BioShock Infinite is not just figuratively on rails; in many parts of the game you literally swoop around on an overhead rail system.
BioShock Infinite is not just figuratively on rails; in many parts of the game you literally swoop around on an overhead rail system.

Obviously, in any story-structured game there’s a limit to just how much influence the player can have. Each story outcome has to be written and programmed individually, and this naturally limits the possible outcomes. To be truly open-ended requires the sacrifice of story, and the player-directed gameplay of titles such as SimCity or Minecraft are examples.

Nonetheless, there are games where the developer does not know ahead of time how players will experience their game. The endings and paths within the game may have a set of predetermined options, but the choices and paths through the game will vary depending on what you do. I would argue that this is how games should be designed: games are an interactive medium, and that interaction should not merely be incidental to the experience, but essential to it.

Of course, that meaningful interaction is often done in a manner that can be at best described as clumsy. Many first-person shooters break up sections of thoroughly linear first-person shooter gameplay with the much-hated quick time events (QTEs), yanking you out of normal play and forcing you to mash random keys against the clock.

While these are interactions, they’re extraordinarily artificial. They break the flow of the game and tell us unambiguously, “Hey, pay attention: this is a choice. You can kill this guy, or not kill him, and that choice matters.” But true, substantive, meaningful player agency doesn’t have to be so so crudely grafted on. When done effectively, it uses the same gameplay mechanics as the rest of the game.

For example, Call of Duty: Black Ops 2 (surprisingly) did this in a number of places. As a first-person shooter, the main thing you do is shoot stuff. The story will unfold differently depending on who you shoot and when you shoot them. For example, there’s a point at which you’re chasing a bad guy through a hotel complex; if you manage to catch up with him and kill him, the story develops one way. If you don’t, it goes on a slight detour.
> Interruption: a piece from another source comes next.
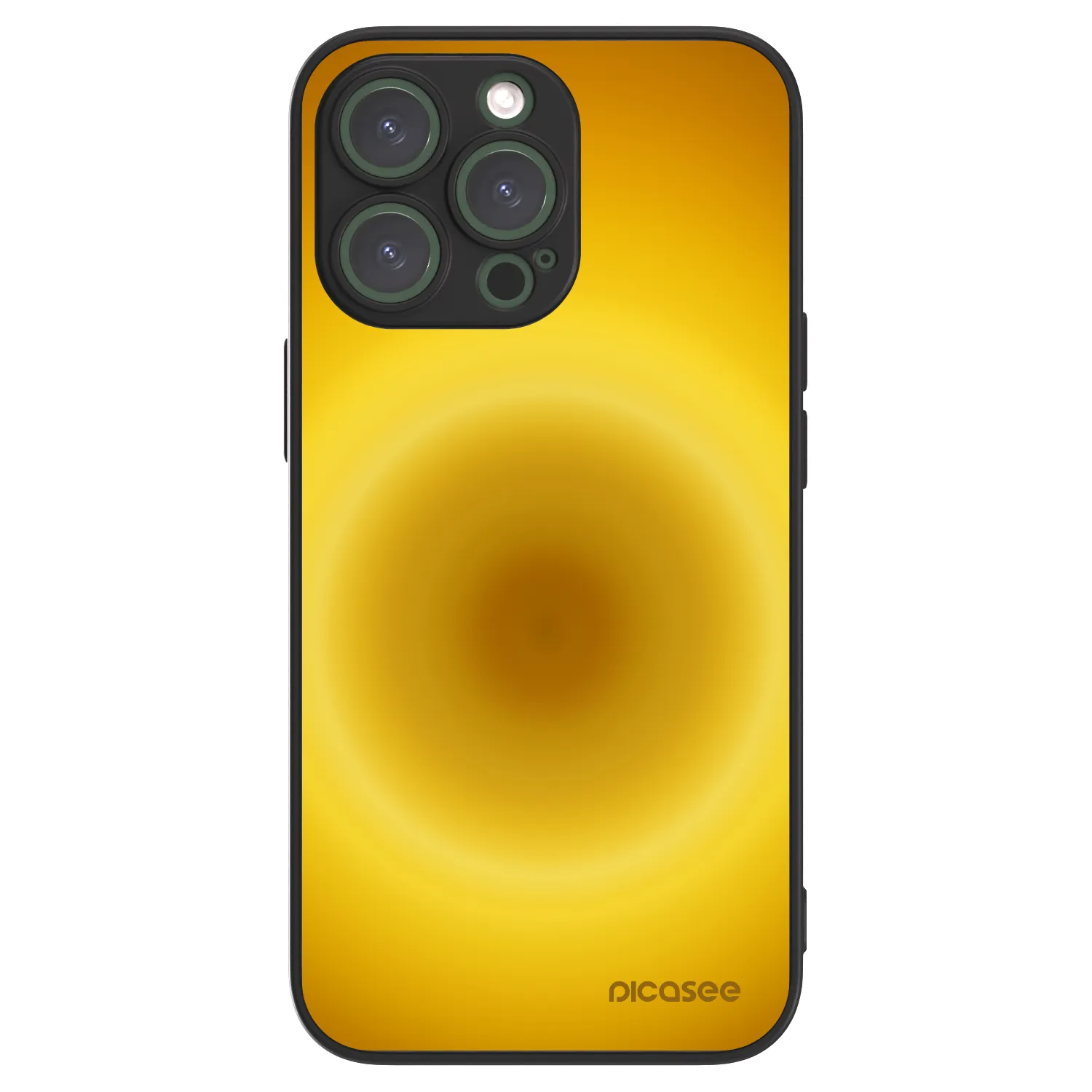 Picasee ULTIMATE CASE MagSafe pro Apple iPhone 13 Pro - Solar Pulse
Within the game itself, there’s no overt indication that this has happened. If the guy escapes, the story proceeds as if he were meant to escape (as bad guys have an annoying habit of doing). If he doesn’t, it’s as if it were always written that you’d blow him away. The different paths through the game also lead to substantively different endings.

Black Ops 2 doesn’t exclusively use this system, and there are decision points that use quick time events instead, but it’s nonetheless a step in the right direction, seamlessly integrating player agency into the first-person shooter. The Black Ops 2 system is more advanced than good/evil reputational systems where the game’s ending is determined by how murderous you are or some similar metric. The outcome-altering interactions you have cause specific repercussions later in the game.
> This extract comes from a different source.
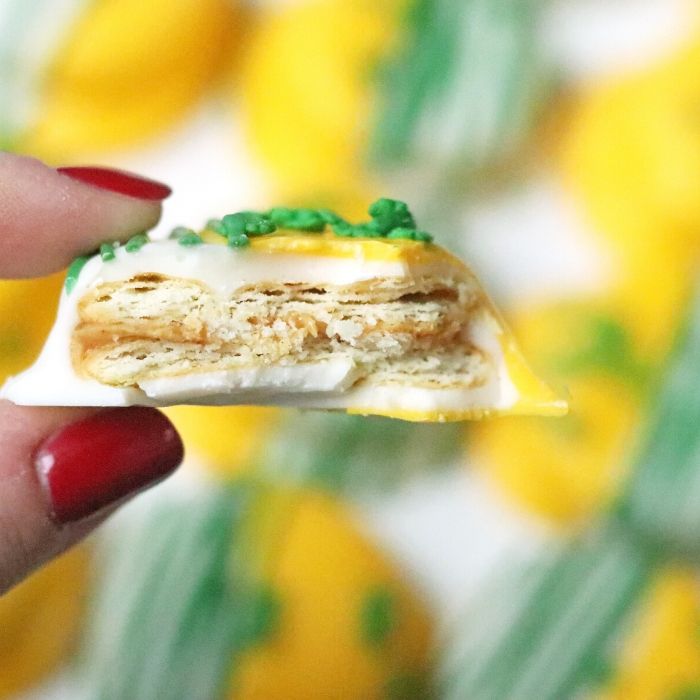 ritz cracker cookies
Even the quick time event can serve this goal well, or so I’m told. I haven’t played Heavy Rain; I’d like to, but I’m not going to buy a PlayStation 3 just to play one game. Heavy Rain doesn’t merely throw QTEs at you at random “decision points” in the game, totally breaking the normal control and interaction mechanisms. Rather, the entire game is QTE-driven, and the entire game is filled with meaningful decisions with a range of possible endings and substantial variations of the core storyline. Like Black Ops 2, Heavy Rain is a game where you can finish the game without really winning it.
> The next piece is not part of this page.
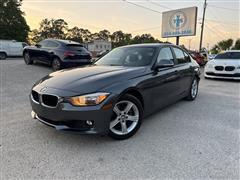 2012 BMW 3-Series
A brief look at one chapter of Heavy Rain that notes both the quick time events and the various choices that can be made.

While not everyone enjoyed the QTEs in Heavy Rain, there were more than a few who felt that it demonstrated that QTEs can be engaging and involving, providing a combination of immersive interaction and meaningful player agency. Other genres, like RPGs, similarly tend to avoid the jarring disconnects by using the same interaction mode for everything.

Balancing act

Not every game needs a story. I’ve poured many more hours than I would like to admit into Dota 2, for example, and that’s pure gameplay. But in plenty of games, the action is driven by the narrative structure, and a compelling story makes these games better. It can even let players gloss over gameplay flaws.

Computer games are unique in their ability to not only construct alternative universes—or to take us to an unvisited part of the universe we live in—but also to let us to explore these alternative universes. This interactivity separates games from books and movies. That’s why, despite the new challenges of balancing story progression, player agency, and interaction, games truly need to respect their own medium to achieve full success. BioShock: Infinite, though still a compelling experience, failed to find that balance.